Boggs' name was withheld until Wednesday when his family was notified of his death.

Fonder said Boggs, originally from the Bemidji area, had been staying at the Northlands Rescue Mission in Grand Forks and occasionally down by the river.

The call

On Monday afternoon, police received a report that a man in his boxers was sitting on the Kennedy Bridge railing. Officers arrived but found no one on the bridge, which carries U.S. Highway 2 across the Red and links the Grand Cities.

They eventually discovered two intoxicated men on the Grand Forks bank who reported that they'd lost track of Boggs while swimming. Police said one man admitted to jumping off the bridge. It's not clear if Boggs also leapt from the bridge.

That afternoon and evening, emergency personnel in boats used poles and chains to search the vicinity where Boggs was last seen. A bloodhound sniffed the banks, finding no clues.


On Tuesday, four boats -- two using sonar and two dragging the river bottom with chains -- combed the river from the Kennedy Bridge to the Riverside Dam.

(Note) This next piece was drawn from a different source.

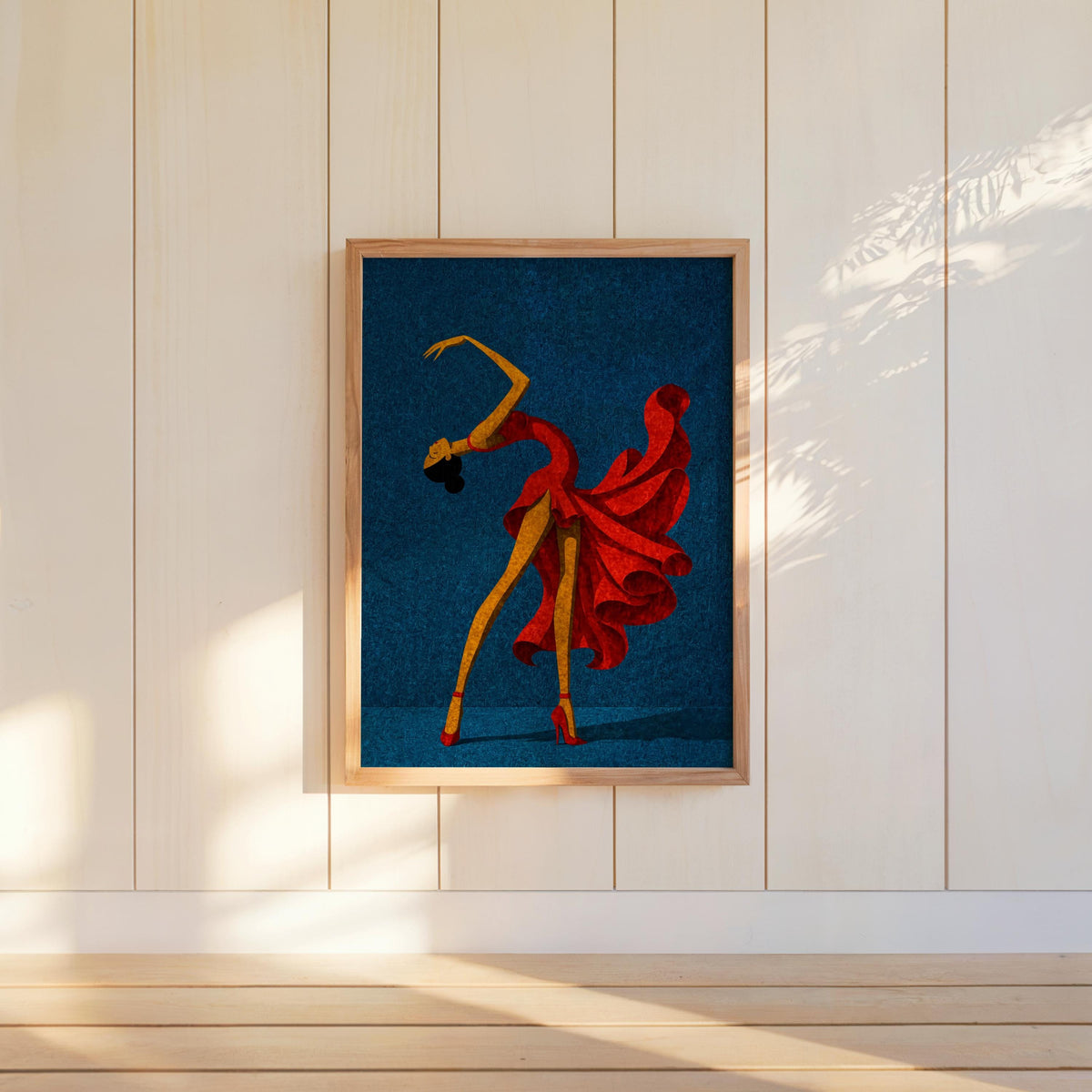 Blue background salsa dancer wall art on wall, red dress dancer print, great for dance studios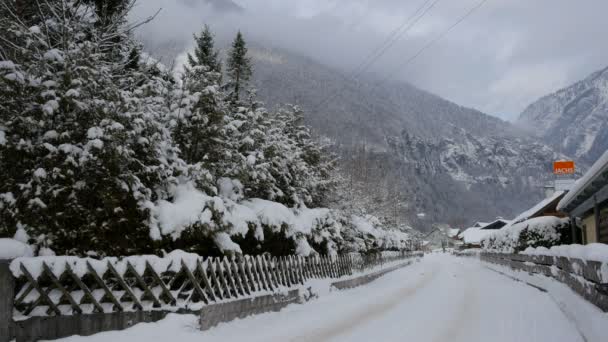 Snowy Street Mountains Austria — Stock Video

Crews took a similar approach Wednesday, but they broadened their scope to include the area 100 feet south of the bridge and the area north of the dam, said Lt. Grant Schiller of the Grand Forks police.

'Big heart'

On Tuesday, before Boggs' body had been found, the Herald spoke with Mission residents who were startled by the news that an acquaintance they'd seen Monday morning was believed drowned.

"He was a real nice guy, you know -- big heart," Shannon Hopper, 38, said.

Hopper's husband, Martin, said Boggs worked with him for a while at Ryan Potato Co. in East Grand Forks.

Ray Hall, 37, worked there, too. He recalled how Boggs used to tease him.

"He used to mess with me all the time, used to call me Ray-Ray. He'd say, 'What's up, Ray-Ray?' and I'd say, 'What's up, Jerry?'"


"I used to call him 'Jerry Boggs in the flesh,'" Hall said. "He'd look at me and go laughing."

Despite their bond, Hall said he didn't know much about Boggs' background.

"Only thing I know is Jerry was a good friend of mine," he said. "I just can't believe that something like that happened."

They said Boggs had been living at the Mission for a little more than three years. They said he worked hard at Ryan Potato but had an alcohol problem.

"You don't know when you're going to hit your bottom before you want to go get the help," Hopper said.